The most important takeaway is that leaving the resolution of India’s employment challenge to the markets alone is not going to work. This is because of the simple reason that production, especially in manufacturing, is becoming increasingly capital-intensive. This means that even if we manage to get high manufacturing growth, employment generation might continue to disappoint. This basic point cannot be overemphasised in India.
The second important takeaway from the report is the emphasis on the broken link between education and employment. “A large proportion of highly educated young men and women, including the technically educated, are overqualified for the job they have,” the report notes. This should not be a surprise in a country where hundreds of thousands, with qualifications as high as PhDs, apply for blue-collar public sector jobs in the hope of job security. The third key takeaway from the report is the emphasis on the need for an active policy engagement to solve both qualitative and quantitative aspects of India’s employment challenge. It flags the challenges of addressing inequalities, improving the quality of jobs, putting in place an effective skill enhancement framework and fixing information asymmetries in the labour market. The report rightly calls for giving “primacy to labour-intensive manufacturing employment to absorb the abundant unskilled labour” and “support the emerging employment-generating modern manufacturing and services sectors”.

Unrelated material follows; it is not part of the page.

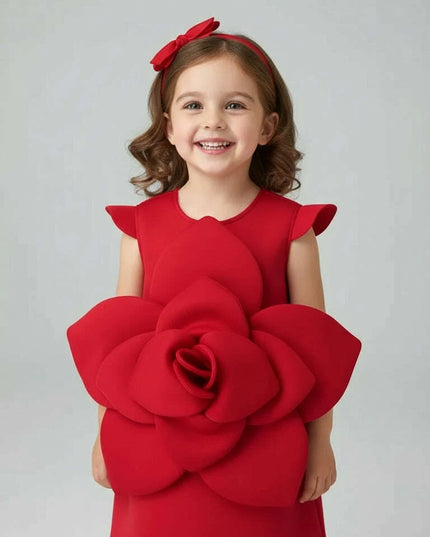Elegant Floral Summer Dress for Girls - Perfect Party and Stage Show Outfit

To be sure, this is not the first time an academic study has underlined these points about India’s employment challenge. Will these recommendations find favour with politicians and eventually governments? This is a more difficult question to answer in a country where politics tends to gravitate towards populist solutions such as blanket hiring for government jobs or demanding or extending the scope of reservations when it comes to dealing with employment concerns.